The news this week offered two striking, if unrelated, reminders that it is impossible to outrun the scourge of racism and white supremacy in this country.

First, after Serena Williams – perhaps the greatest individual athlete in history – was accused of cheating at the U.S. Open, a cartoonist depicted her, using the most racist imagery imaginable. After decades spent mastering a craft, which historically has been dominated by white athletes, Williams remains susceptible to the sort of racist stereotyping that would feel at home in a Ku Klux Klan mailer.

Meanwhile in Dallas, a white, off-duty police officer forcibly entered the home of Botham Jean and murdered him. In statements after the killing, the officer offered a string of obvious lies to justify her actions; the officer claims that she issued verbal commands, which Jean “ignored.” I suppose we all must be forgiven for thinking that a man is within his rights to ignore the rantings of a gun-wielding stranger, who has just broken into his home.

How are these two incidents related? They both speak to the extraordinary reach of white supremacy.

You can become the greatest athlete in history … but if you’re a black woman, our country will still figure out how to make you the villain.

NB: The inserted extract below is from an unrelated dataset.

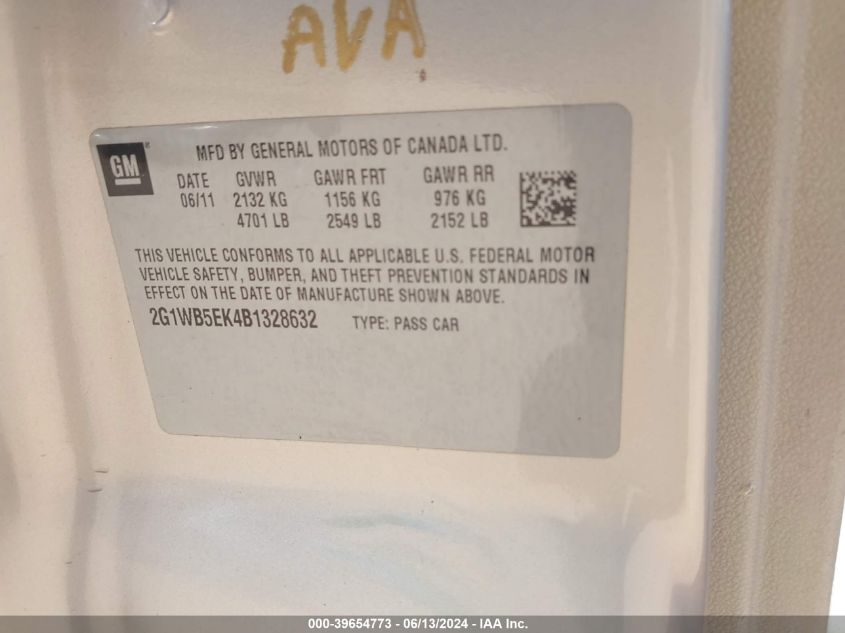 2011 Chevrolet Impala Lt VIN: 2G1WB5EK4B1328632 Lot: 39654773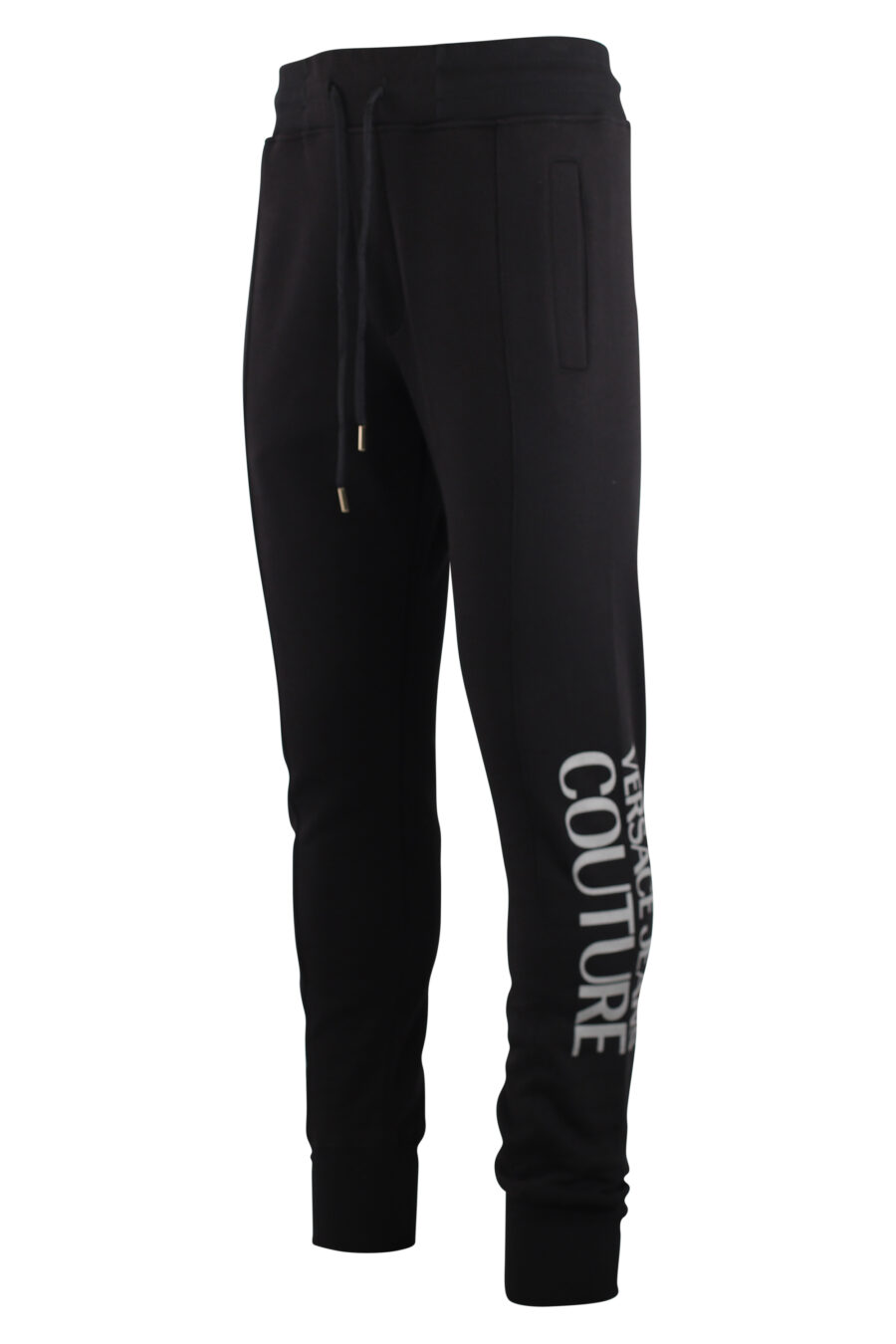 Pantalón de chándal negro con logo vertical plateado - IMG 7502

You can get shot by a stranger who broke into your own damn home … but if you’re a black man, they’ll still figure out how to blame you for your own death.

No matter how fast you are … no matter how high you climb … no matter how safe your environment seems … you cannot outrun white supremacy.

When I speak with Black friends and colleagues about these issues, it’s clear that everyone has had a “Serena moment.” You can spend a lifetime being twice as good and still be respected half as much. You can hold your tongue 99.9% of the time, and someone will draw you into a racist caricature based on the 0.01% of the time when you just couldn’t take it anymore.

The onus cannot be on our Black brothers and sisters to be “twice as good.” We cannot expect people to outrun racism, because it is impossible to game a system that is hell-bent on perpetuating its own injustice from generation to generation. I’m calling on myself, and other white folks, to be twice as vigilant instead, and to dismantle racism with the same urgency that others bring to its protection.